Leggere parole dal Medioevo

di Claudia Aloisi

Sabato 3 ottobre, dieci del mattino, Teatro Electra di Iglesias.
Con la dottoressa Daniela Aretino il tema della Fiera del Libro, “La parola crea mondi”, si riveste di Storia.
In una masterclass di quasi tre ore intense e appassionate, la Daniela ha illustrato il celebre “Breve di Villa di Chiesa”, documento storico di eccezionale importanza che racchiude in quattro libri le leggi e le norme in vigore a Iglesias almeno dal 1327.
L’allusivo sottotitolo del corso, “Leggere parole del Medioevo”, giocando sugli omografi “lèggere e leggère”, ha suggerito la possibilità di restituire connotati più lievi, e forse più realistici, a quel periodo maltrattato e talvolta frainteso che è il Medioevo.
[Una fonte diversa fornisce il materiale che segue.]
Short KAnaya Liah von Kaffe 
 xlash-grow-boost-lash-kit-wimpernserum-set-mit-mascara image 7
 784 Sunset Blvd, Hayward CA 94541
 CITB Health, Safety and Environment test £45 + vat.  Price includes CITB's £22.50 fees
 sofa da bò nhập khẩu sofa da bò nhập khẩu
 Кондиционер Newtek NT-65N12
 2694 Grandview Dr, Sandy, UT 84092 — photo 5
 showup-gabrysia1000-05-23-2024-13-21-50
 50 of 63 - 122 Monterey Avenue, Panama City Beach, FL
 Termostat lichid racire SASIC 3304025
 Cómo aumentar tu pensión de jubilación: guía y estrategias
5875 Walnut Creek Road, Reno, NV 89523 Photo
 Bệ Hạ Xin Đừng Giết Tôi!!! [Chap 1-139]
Nel cuore della masterclass, le parole: metterle al centro come specchio di vita, analizzarle e capirne origine e significati, intuire il sostrato culturale di chi le utilizzava. Sulle parole, e con le parole, si è anche giocato, in quel misto di levità e cura che appartiene a chi ama profondamente il suo lavoro ed è capace di trasmetterlo.
La dottoressa Aretino è entrata con grazia nei dettagli dell’etimologia e dell’uso di numerosi termini presenti nel Breve nei diversi ambiti giuridici: dai crimini, alle regole del commercio, alla vita in miniera.
Da questo attento esame della lingua tra presunto pisano, sardo, latino e persino antico tedesco, sono emerse alcune evidenze interessanti: in primo luogo la “modernità” delle norme citate, che mostrano attenzione alla realtà del territorio e un insospettabile, attualissimo senso civico. Ma soprattutto questo studio delle parole ci restituisce in modo vivido la temperie storica, sociale ed emotiva degli uomini di sette secoli fa: magaluffo era la mancia dovuta all’incantatore di aste, ombraco la tettoia, derratale un’unità di misura per il vino, guelco il capo della fonderia.
E pareva quasi di vederli, questi uomini, passeggiare per Villa di Chiesa, alle prese con le loro beghe quotidiane, i loro crucci e le loro soddisfazioni. Come se, ripetendo quelle sillabe, quei suoni antichi, potessimo far rivivere ciò che le persone di quel tempo sperimentavano e provavano.
Ancora una prova, se fosse necessaria, che “la parola crea mondi”: anche quelli passati.